08 Jan, 2015

1 commit

  • Current vfio-pci just supports normal pci device, so vfio_pci_probe() will
    return if the pci device is not a normal device. While current code makes a
    mistake. PCI_HEADER_TYPE is the offset in configuration space of the device
    type, but we use this value to mask the type value.

    This patch fixs this by do the check directly on the pci_dev->hdr_type.

    Signed-off-by: Wei Yang
    Signed-off-by: Alex Williamson
    Cc: stable@vger.kernel.org # v3.6+

    Wei Yang
     

08 Nov, 2014

1 commit


30 Sep, 2014

1 commit

  • Locking both the remove() and release() path results in a deadlock
    that should have been obvious. To fix this we can get and hold the
    vfio_device reference as we evaluate whether to do a bus/slot reset.
    This will automatically block any remove() calls, allowing us to
    remove the explict lock. Fixes 61d792562b53.

    Signed-off-by: Alex Williamson
    Cc: stable@vger.kernel.org [3.17]

    Alex Williamson
     

09 Aug, 2014

1 commit

  • The existing vfio_pci_open() fails upon error returned from
    vfio_spapr_pci_eeh_open(), which breaks POWER7's P5IOC2 PHB
    support which this patch brings back.
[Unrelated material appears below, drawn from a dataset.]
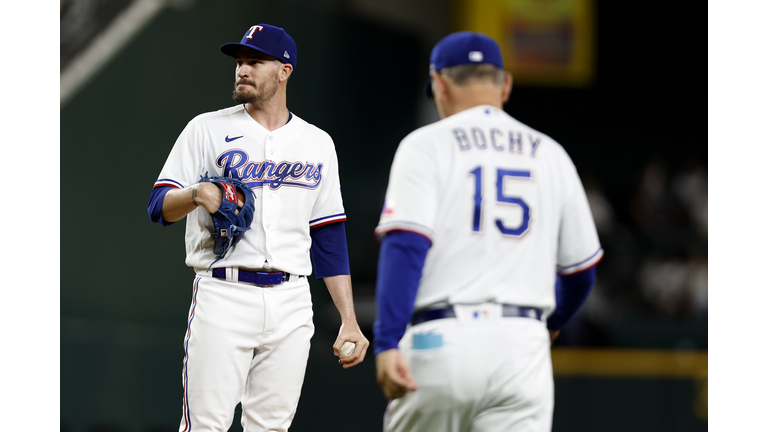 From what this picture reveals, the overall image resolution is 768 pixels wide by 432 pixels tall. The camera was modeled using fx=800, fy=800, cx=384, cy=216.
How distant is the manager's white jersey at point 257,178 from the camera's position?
3092 millimetres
    The patch fixes the issue by dropping the return value of
    vfio_spapr_pci_eeh_open().

    Signed-off-by: Alexey Kardashevskiy
    Signed-off-by: Gavin Shan
    Signed-off-by: Alex Williamson

    Alexey Kardashevskiy
     

08 Aug, 2014

3 commits

  • Each time a device is released, mark whether a local reset was
    successful or whether a bus/slot reset is needed. If a reset is
    needed and all of the affected devices are bound to vfio-pci and
    unused, allow the reset. This is most useful when the userspace
    driver is killed and releases all the devices in an unclean state,
    such as when a QEMU VM quits.

    Signed-off-by: Alex Williamson

    Alex Williamson
     
  • Serializing open/release allows us to fix a refcnt error if we fail
    to enable the device and lets us prevent devices from being unbound
    or opened, giving us an opportunity to do bus resets on release. No
    restriction added to serialize binding devices to vfio-pci while the
    mutex is held though.

    Signed-off-by: Alex Williamson

    Alex Williamson
     
  • Our current open/release path looks like this:

    vfio_pci_open
    vfio_pci_enable
    pci_enable_device
    pci_save_state
    pci_store_saved_state

    vfio_pci_release
    vfio_pci_disable
    pci_disable_device
    pci_restore_state

    pci_enable_device() doesn't modify PCI_COMMAND_MASTER, so if a device
    comes to us with it enabled, it persists through the open and gets
    stored as part of the device saved state. We then restore that saved
    state when released, which can allow the device to attempt to continue
    to do DMA. When the group is disconnected from the domain, this will
    get caught by the IOMMU, but if there are other devices in the group,
    the device may continue running and interfere with the user. Even in
    the former case, IOMMUs don't necessarily behave well and a stream of
    blocked DMA can result in unpleasant behavior on the host.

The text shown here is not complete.